Artikel 11 Algemene wijzigingsregels
11.1 geringe veranderingen in de plaats, ligging en/of afmetingen van bestemmingsgrenzen
Burgemeester en wethouders hebben de bevoegdheid het plan te wijzigen in de vorm van het aanbrengen van geringe veranderingen in de plaats, ligging en/of afmetingen van bestemmingsgrenzen, met inachtneming van tenminste de volgende voorwaarden:
-
a. het straat- en bebouwingsbeeld en de verkeersveiligheidsbelangen mogen niet onevenredig worden geschaad;
-
b. geen onevenredige aantasting mag plaatsvinden van in de omgeving aanwezige functies en waarden;
-
c. geen onevenredige aantasting mag plaatsvinden van de belangen van eigenaren en gebruikers van omliggende gronden.
11.2 wijziging van een bestemming in de bestemming Bos of Natuur
Burgemeester en wethouders hebben de bevoegdheid het plan te wijzigen in de vorm van het wijzigen van de ter plaatse geldende bestemming in de bestemming Bos of Natuur, met inachtneming van tenminste de volgende voorwaarden:
-
a. er dient een inrichtings- en beheersvisie te worden opgesteld waarin de natuurontwikkeling dan wel de bosaanleg is uitgewerkt;
-
b. geen onevenredige aantasting mag plaatsvinden van in de omgeving aanwezige functies en waarden;
-
c. geen onevenredige aantasting mag plaatsvinden van de belangen van eigenaren en gebruikers van omliggende gronden.
11.3 wijziging van een bestemming in de bestemming Groen
Burgemeester en wethouders hebben de bevoegdheid het plan te wijzigen in de vorm van het wijzigen van de ter plaatse geldende bestemming in de bestemming Groen, met inachtneming van tenminste de volgende voorwaarden:
-
a. zorggedragen dient te worden voor een streekeigen landschappelijke inpassing;
-
b. geen onevenredige aantasting mag plaatsvinden van in de omgeving aanwezige functies en waarden;
-
c. geen onevenredige aantasting mag plaatsvinden van de belangen van eigenaren en gebruikers van omliggende gronden.
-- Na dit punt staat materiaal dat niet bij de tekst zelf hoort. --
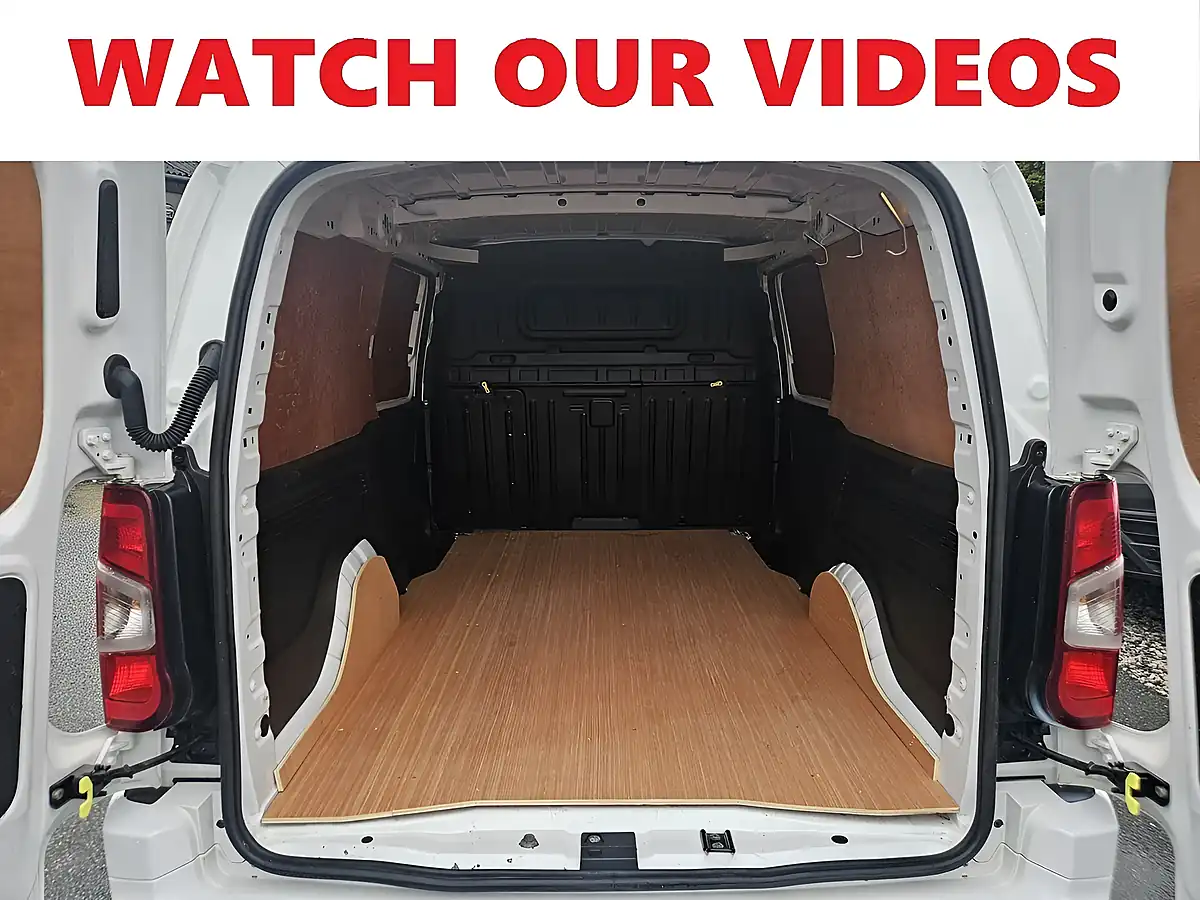 Used 2022 Vauxhall Combo Sportive White - Interior and Exterior details 3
11.4 wijziging van een bestemming in de bestemming Water
Burgemeester en wethouders hebben de bevoegdheid het plan te wijzigen in de vorm van het wijzigen van de ter plaatse geldende bestemming in de bestemming Water ten behoeve van waterretentie, met inachtneming van tenminste de volgende voorwaarden:
-
a. uit onderzoek blijkt dat waterretentie binnen het gebied noodzakelijk is;
-
b. geen onevenredige aantasting mag plaatsvinden van in de omgeving aanwezige functies en waarden;
-
c. geen onevenredige aantasting mag plaatsvinden van de belangen van eigenaren en gebruikers van omliggende gronden.